#### [Exercise]
Only one range belongs in the answer: the line holding "A drum major" through the last line of the records, reproduced as is.
** Opening Data records block **
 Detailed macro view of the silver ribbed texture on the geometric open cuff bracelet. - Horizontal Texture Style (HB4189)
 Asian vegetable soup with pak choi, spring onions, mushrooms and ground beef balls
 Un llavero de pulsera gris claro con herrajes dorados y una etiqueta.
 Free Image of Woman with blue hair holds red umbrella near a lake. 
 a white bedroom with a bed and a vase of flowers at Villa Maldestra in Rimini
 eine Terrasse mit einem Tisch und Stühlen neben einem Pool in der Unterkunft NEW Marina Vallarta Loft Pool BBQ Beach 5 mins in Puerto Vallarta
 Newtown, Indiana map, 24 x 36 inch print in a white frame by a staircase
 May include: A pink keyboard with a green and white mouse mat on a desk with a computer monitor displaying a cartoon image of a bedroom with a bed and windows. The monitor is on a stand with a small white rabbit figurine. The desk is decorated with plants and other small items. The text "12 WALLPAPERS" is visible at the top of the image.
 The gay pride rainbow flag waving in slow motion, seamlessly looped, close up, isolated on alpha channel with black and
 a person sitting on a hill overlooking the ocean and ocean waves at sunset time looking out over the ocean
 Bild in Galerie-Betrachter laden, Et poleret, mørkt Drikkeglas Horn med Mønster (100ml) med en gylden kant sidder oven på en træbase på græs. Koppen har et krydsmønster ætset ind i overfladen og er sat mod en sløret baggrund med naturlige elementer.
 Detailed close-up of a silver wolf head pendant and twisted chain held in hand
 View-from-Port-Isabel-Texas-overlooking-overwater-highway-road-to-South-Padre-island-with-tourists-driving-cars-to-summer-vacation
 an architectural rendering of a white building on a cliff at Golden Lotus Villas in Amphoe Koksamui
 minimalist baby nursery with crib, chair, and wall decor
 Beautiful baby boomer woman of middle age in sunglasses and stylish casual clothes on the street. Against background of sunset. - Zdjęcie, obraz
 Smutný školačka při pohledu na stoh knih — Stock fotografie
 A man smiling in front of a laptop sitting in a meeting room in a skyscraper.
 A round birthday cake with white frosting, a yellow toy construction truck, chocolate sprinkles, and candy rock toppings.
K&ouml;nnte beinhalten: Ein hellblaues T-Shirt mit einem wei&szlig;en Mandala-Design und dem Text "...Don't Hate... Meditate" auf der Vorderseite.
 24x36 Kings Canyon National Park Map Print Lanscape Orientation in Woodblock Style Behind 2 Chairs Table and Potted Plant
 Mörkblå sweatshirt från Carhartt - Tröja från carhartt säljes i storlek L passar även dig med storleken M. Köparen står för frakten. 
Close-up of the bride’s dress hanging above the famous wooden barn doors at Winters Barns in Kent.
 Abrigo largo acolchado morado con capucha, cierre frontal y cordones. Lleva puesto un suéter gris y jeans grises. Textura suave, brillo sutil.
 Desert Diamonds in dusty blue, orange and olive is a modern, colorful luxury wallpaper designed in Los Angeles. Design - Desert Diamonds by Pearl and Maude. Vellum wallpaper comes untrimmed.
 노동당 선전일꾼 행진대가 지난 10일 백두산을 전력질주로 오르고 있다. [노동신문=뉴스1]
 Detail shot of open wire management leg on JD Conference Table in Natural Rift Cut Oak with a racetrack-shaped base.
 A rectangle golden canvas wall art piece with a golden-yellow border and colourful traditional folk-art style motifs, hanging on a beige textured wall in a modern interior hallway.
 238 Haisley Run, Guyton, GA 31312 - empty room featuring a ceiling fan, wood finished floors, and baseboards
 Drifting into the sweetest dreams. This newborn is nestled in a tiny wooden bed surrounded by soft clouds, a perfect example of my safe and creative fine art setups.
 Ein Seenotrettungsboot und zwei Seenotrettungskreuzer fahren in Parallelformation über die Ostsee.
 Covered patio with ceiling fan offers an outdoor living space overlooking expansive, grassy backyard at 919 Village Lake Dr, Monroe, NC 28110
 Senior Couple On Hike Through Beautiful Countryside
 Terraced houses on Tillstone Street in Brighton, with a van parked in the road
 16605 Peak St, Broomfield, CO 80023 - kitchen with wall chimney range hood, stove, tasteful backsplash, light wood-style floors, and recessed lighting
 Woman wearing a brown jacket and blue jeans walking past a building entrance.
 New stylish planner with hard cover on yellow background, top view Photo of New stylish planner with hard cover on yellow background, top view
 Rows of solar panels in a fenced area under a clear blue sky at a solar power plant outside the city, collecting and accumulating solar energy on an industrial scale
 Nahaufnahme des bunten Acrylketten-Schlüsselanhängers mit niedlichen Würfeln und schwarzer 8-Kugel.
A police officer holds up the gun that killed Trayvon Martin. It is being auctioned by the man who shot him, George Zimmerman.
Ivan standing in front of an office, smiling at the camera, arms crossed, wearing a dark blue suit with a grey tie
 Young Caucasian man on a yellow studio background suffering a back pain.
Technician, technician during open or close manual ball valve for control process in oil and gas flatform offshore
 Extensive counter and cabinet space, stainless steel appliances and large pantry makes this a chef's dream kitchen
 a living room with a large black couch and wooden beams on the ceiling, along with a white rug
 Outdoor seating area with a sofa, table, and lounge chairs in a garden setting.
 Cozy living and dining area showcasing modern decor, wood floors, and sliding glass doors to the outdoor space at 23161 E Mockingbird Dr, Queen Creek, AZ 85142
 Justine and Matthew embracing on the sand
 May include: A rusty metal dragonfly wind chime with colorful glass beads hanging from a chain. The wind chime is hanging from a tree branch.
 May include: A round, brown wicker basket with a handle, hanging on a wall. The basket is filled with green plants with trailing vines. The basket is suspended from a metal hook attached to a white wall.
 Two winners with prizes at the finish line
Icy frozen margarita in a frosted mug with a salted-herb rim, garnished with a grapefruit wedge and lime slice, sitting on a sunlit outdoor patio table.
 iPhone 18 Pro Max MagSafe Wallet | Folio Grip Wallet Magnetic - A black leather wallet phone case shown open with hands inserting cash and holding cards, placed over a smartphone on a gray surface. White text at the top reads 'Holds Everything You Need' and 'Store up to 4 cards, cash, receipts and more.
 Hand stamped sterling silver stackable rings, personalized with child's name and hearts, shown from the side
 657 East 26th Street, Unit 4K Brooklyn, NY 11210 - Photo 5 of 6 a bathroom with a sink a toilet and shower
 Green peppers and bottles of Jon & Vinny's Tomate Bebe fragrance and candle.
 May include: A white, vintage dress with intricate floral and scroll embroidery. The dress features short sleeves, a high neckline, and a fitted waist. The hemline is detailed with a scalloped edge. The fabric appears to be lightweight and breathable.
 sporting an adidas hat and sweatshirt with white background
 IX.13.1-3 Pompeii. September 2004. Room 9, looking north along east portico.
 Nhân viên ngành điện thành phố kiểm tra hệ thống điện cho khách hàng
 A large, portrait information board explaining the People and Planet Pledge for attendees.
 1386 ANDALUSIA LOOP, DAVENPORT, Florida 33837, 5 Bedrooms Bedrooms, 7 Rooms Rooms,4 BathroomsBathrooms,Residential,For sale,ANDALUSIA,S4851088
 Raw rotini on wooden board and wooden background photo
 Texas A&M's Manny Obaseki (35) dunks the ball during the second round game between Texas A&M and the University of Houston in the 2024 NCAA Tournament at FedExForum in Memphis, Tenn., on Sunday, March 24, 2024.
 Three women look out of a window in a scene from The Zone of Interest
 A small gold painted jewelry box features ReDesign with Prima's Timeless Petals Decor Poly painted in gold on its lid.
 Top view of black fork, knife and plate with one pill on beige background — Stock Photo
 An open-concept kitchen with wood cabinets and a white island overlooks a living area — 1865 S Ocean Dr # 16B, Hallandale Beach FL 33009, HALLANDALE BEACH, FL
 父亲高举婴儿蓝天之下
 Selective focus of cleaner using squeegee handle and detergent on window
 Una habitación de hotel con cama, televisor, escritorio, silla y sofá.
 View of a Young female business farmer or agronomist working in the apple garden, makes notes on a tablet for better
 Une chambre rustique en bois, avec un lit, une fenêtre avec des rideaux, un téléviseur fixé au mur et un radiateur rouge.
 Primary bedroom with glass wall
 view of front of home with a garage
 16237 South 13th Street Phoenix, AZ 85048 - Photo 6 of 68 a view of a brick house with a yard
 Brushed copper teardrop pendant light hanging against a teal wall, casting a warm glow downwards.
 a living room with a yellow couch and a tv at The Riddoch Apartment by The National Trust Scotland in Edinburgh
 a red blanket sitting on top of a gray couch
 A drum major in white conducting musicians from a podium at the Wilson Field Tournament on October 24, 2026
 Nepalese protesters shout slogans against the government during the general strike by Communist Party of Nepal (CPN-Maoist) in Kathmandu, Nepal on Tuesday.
** Closing Data records block **
#### [Solution for this task]
 A drum major in white conducting musicians from a podium at the Wilson Field Tournament on October 24, 2026
 Nepalese protesters shout slogans against the government during the general strike by Communist Party of Nepal (CPN-Maoist) in Kathmandu, Nepal on Tuesday.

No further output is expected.